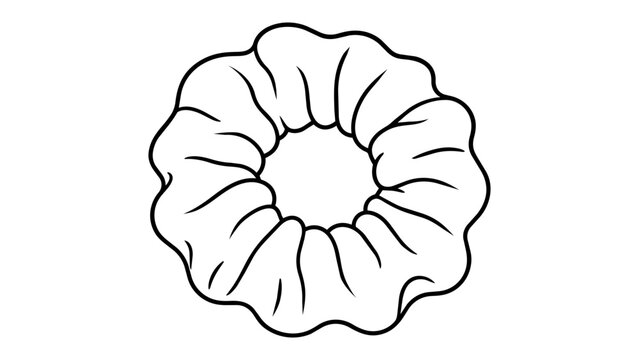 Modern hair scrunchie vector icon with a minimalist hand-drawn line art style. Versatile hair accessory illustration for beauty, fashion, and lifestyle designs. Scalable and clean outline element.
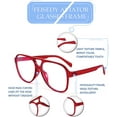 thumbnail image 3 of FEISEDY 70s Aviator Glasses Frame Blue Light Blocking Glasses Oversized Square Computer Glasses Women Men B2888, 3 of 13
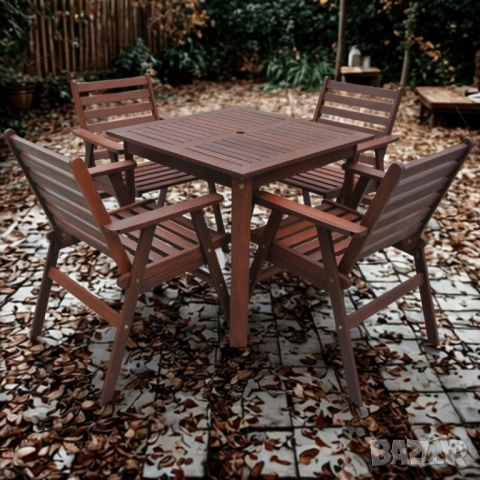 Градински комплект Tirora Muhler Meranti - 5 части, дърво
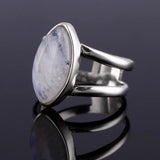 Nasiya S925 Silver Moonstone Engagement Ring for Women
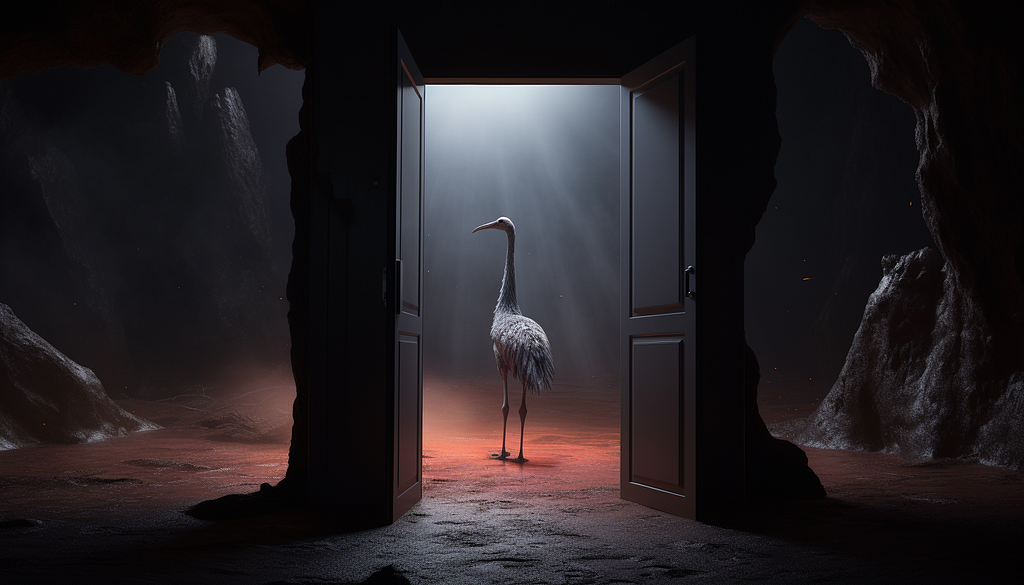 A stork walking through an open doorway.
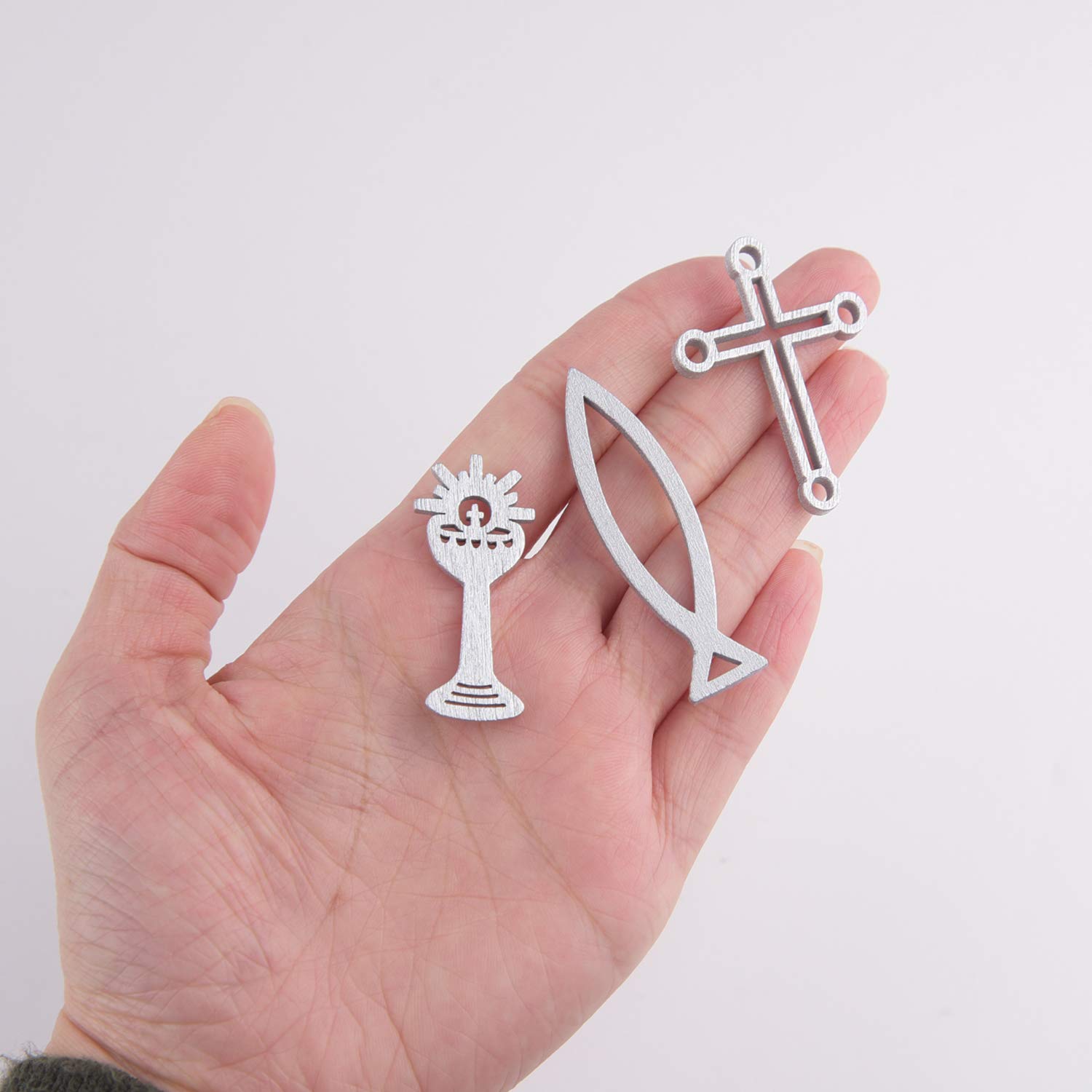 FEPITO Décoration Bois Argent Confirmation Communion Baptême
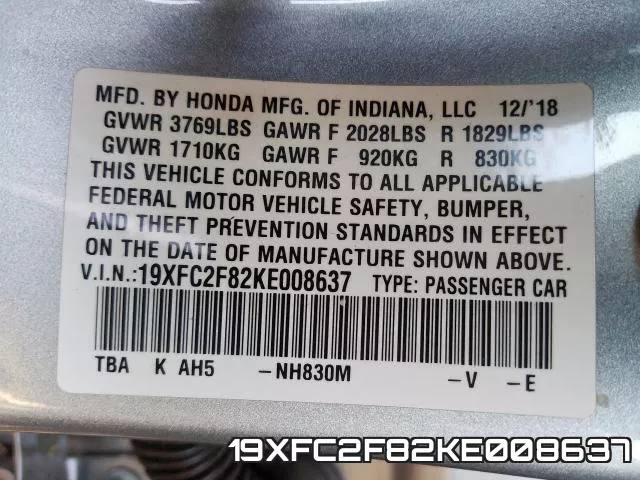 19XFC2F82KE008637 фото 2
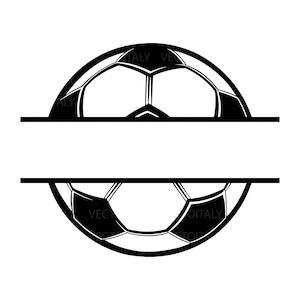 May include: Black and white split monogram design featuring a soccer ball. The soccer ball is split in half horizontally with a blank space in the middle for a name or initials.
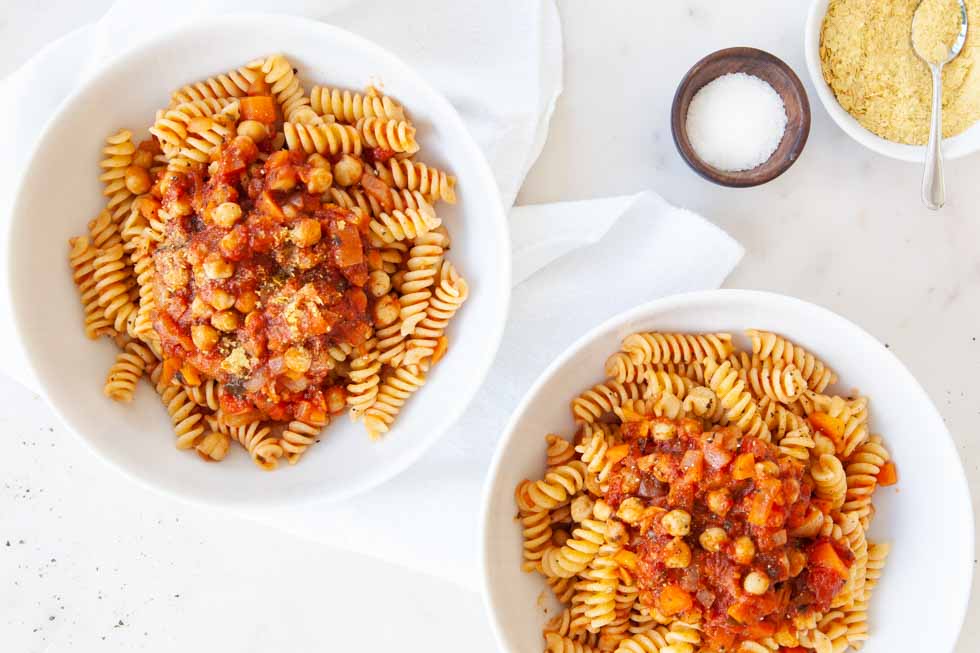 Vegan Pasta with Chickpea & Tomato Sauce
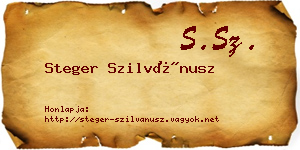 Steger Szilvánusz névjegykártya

| Work instruction |
Write out nothing but the lines from the one with "Vegan Pasta with Chickpea & Tomato Sauce" through the last line of the entries, exactly as they stand; pictures are not part of the copy.

| Task solution |
 Vegan Pasta with Chickpea & Tomato Sauce
 Steger Szilvánusz névjegykártya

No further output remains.